Thanks for the encouragement and amazing pictures! Don't worry, I'm not throwing in the towel, the species actually seems to bloom well under my culture so that is a positive. My plan is to regroup.. and try to secure one with better form. From what others are reporting.. seems to be a rare find among seedlings. I'll probably try to invest in a mature plant. TBD, plenty of time and shopping is the fun part.


----------



## monocotman (Apr 12, 2021)

Chadwick sells divisions of his mossiaes each year. I am sure if you ask him he would be able to find a suitable one!
Tom that is one huge and amazing plant! I am very envious. As a windowsill grower I’ll never be able to grow something like that,
David


----------



## DrLeslieEe (Apr 12, 2021)

Agreed! Fantastic coerulea!!


----------



## Ozpaph (Apr 13, 2021)

wonderful display


----------



## PeteM (Apr 13, 2021)

monocotman said:


> Chadwick sells divisions of his mossiaes each year. I am sure if you ask him he would be able to find a suitable one!
> Tom that is one huge and amazing plant! I am very envious. As a windowsill grower I’ll never be able to grow something like that,
> David


Thanks for this recommendation, Art is helping me track down a full formed flower from a batch of seedlings in bud. Seems like I timed this correctly.


----------



## tomp (Apr 16, 2021)

Pete, another reason to search. I got this semi alba ‘H and R’ from Alan at Gold Country in 2012. 


I Pete,
got this C. mossiae Semi alba ‘H and R’ from Alan at Gold County in 2012.
Tom


----------



## DrLeslieEe (Apr 16, 2021)

tomp said:


> Pete, another reason to search. I got this semi alba ‘H and R’ from Alan at Gold Country in 2012.
> View attachment 26990
> View attachment 26991
> I Pete,
> ...


Tom, are the sheath green on both your mossiaes? Have they bloomed from dry sheaths too?


----------



## PeteM (Apr 17, 2021)

tomp said:


> Pete, another reason to search. I got this semi alba ‘H and R’ from Alan at Gold Country in 2012.
> View attachment 26990
> View attachment 26991
> I Pete,
> ...


Wow. Exactly what I’m looking for, stunning flower, thanks for sharing. I agree, worth the effort of digging. I have two leads now, ended up getting in touch with Maria Mantellini this week and she has my name it the pot for a choice division of a semi alba. I’ll keep an eye out for this one as well.. I’ll try gold country and I’ve already checked out that dangerous H&R spring listing.. those 4N dowianas are probably sold out. At least that’s what I’m telling myself so I don’t open the flood gate.


----------



## tomp (Apr 17, 2021)

Pete, just open them gates))

re Gold County best to send Alan an email, his website is sparse.
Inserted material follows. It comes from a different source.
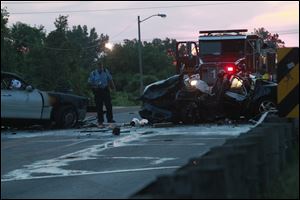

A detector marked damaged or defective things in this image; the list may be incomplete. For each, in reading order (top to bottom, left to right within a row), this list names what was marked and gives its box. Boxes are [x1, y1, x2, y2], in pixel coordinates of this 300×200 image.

damaged white pickup truck [0, 72, 88, 128]
severely damaged black car [139, 71, 278, 124]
also I just looked at Fred Clarks Division list and he has a 5 bulb division, you could call him and ask about the dorsal.


----------



## southernbelle (Apr 17, 2021)

tomp said:


> Pete, another reason to search. I got this semi alba ‘H and R’ from Alan at Gold Country in 2012.
> View attachment 26990
> View attachment 26991
> I Pete,
> ...


That’s gorgeous!!


----------



## Ozpaph (Apr 17, 2021)

lovely


----------